**Task description**. Leave the pictures aside and copy all the data exactly.

**Stored data**.

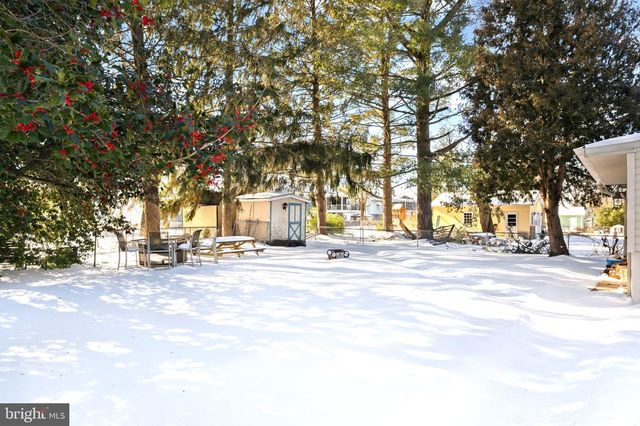 342 DEARBORNE AVE, Blackwood, NJ 08012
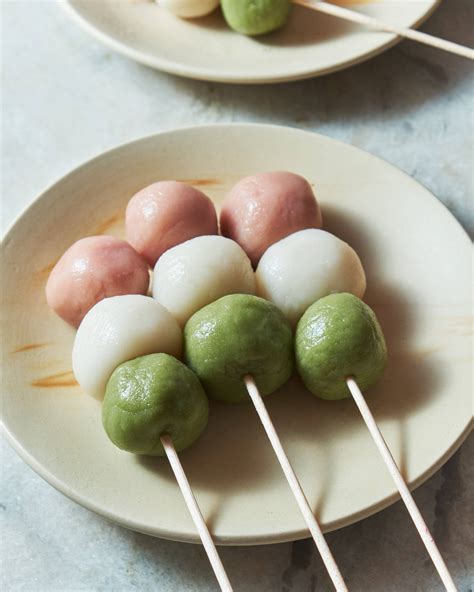 hanami dango sweet chewy  min japanese dessert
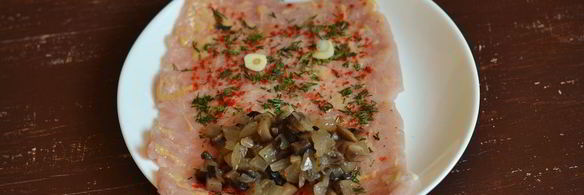 рулетики из свинины с грибами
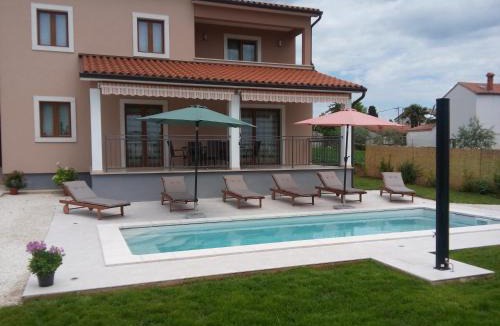 Smoljanci House | Danica
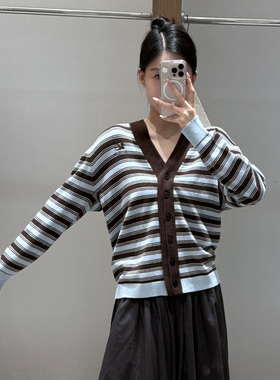 【现货】AVVENN设计师品牌新款 25年秋季横条纹针织V领毛织开衫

**Exercise response**.
 342 DEARBORNE AVE, Blackwood, NJ 08012
 hanami dango sweet chewy  min japanese dessert
 рулетики из свинины с грибами
 Smoljanci House | Danica
 【现货】AVVENN设计师品牌新款 25年秋季横条纹针织V领毛织开衫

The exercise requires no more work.